### PROMPT
Restate every entry word for word.
▬▬▬
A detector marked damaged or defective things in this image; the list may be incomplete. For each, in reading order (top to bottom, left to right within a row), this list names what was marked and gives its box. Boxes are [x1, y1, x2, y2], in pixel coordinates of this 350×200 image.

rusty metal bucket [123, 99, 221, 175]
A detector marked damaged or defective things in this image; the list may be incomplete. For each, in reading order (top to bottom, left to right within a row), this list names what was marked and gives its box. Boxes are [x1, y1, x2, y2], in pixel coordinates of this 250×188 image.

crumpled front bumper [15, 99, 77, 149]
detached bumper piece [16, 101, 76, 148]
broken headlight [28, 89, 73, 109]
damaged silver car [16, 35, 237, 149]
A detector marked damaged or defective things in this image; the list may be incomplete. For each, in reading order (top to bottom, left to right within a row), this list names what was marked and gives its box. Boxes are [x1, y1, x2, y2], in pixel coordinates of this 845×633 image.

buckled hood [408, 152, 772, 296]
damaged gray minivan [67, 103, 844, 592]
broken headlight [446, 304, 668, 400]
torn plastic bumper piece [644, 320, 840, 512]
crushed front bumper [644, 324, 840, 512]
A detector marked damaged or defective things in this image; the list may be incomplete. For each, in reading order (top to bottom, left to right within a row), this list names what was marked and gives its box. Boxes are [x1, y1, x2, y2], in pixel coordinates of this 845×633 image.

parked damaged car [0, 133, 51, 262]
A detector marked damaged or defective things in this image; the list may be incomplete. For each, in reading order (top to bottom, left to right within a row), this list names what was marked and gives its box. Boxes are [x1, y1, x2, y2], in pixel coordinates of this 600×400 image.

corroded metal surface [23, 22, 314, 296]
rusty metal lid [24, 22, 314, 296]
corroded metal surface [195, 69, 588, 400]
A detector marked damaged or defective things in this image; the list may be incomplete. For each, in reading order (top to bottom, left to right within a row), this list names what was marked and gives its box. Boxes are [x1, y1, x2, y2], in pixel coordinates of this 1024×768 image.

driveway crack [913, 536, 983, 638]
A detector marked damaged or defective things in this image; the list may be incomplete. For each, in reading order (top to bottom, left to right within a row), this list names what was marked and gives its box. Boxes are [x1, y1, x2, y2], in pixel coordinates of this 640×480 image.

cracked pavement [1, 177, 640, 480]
▬▬▬
### YOUR SOLUTION
A detector marked damaged or defective things in this image; the list may be incomplete. For each, in reading order (top to bottom, left to right within a row), this list names what was marked and gives its box. Boxes are [x1, y1, x2, y2], in pixel coordinates of this 350×200 image.

rusty metal bucket [123, 99, 221, 175]
A detector marked damaged or defective things in this image; the list may be incomplete. For each, in reading order (top to bottom, left to right within a row), this list names what was marked and gives its box. Boxes are [x1, y1, x2, y2], in pixel coordinates of this 250×188 image.

crumpled front bumper [15, 99, 77, 149]
detached bumper piece [16, 101, 76, 148]
broken headlight [28, 89, 73, 109]
damaged silver car [16, 35, 237, 149]
A detector marked damaged or defective things in this image; the list may be incomplete. For each, in reading order (top to bottom, left to right within a row), this list names what was marked and gives its box. Boxes are [x1, y1, x2, y2], in pixel coordinates of this 845×633 image.

buckled hood [408, 152, 772, 296]
damaged gray minivan [67, 103, 844, 592]
broken headlight [446, 304, 668, 400]
torn plastic bumper piece [644, 320, 840, 512]
crushed front bumper [644, 324, 840, 512]
A detector marked damaged or defective things in this image; the list may be incomplete. For each, in reading order (top to bottom, left to right within a row), this list names what was marked and gives its box. Boxes are [x1, y1, x2, y2], in pixel coordinates of this 845×633 image.

parked damaged car [0, 133, 51, 262]
A detector marked damaged or defective things in this image; the list may be incomplete. For each, in reading order (top to bottom, left to right within a row), this list names what was marked and gives its box. Boxes are [x1, y1, x2, y2], in pixel coordinates of this 600×400 image.

corroded metal surface [23, 22, 314, 296]
rusty metal lid [24, 22, 314, 296]
corroded metal surface [195, 69, 588, 400]
A detector marked damaged or defective things in this image; the list may be incomplete. For each, in reading order (top to bottom, left to right within a row), this list names what was marked and gives its box. Boxes are [x1, y1, x2, y2], in pixel coordinates of this 1024×768 image.

driveway crack [913, 536, 983, 638]
A detector marked damaged or defective things in this image; the list may be incomplete. For each, in reading order (top to bottom, left to right within a row), this list names what was marked and gives its box. Boxes are [x1, y1, x2, y2], in pixel coordinates of this 640×480 image.

cracked pavement [1, 177, 640, 480]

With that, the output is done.